**Data shown**
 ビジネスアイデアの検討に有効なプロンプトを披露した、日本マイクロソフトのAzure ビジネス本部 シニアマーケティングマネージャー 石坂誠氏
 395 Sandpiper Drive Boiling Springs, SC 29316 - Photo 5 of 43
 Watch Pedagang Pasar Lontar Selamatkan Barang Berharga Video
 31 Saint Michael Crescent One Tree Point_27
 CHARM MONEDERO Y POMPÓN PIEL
--
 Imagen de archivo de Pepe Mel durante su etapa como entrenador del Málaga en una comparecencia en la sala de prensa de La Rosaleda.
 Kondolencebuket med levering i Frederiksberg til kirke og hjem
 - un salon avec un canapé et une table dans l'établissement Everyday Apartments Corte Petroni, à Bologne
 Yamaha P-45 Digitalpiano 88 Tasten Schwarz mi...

**Work item**
Set down, exactly as they stand above, the lines starting with the line with "Imagen de archivo" and going on through the line with "Yamaha P-45 Digitalpiano", and no others.

**Response to this exercise**
 Imagen de archivo de Pepe Mel durante su etapa como entrenador del Málaga en una comparecencia en la sala de prensa de La Rosaleda.
 Kondolencebuket med levering i Frederiksberg til kirke og hjem
 - un salon avec un canapé et une table dans l'établissement Everyday Apartments Corte Petroni, à Bologne
 Yamaha P-45 Digitalpiano 88 Tasten Schwarz mi...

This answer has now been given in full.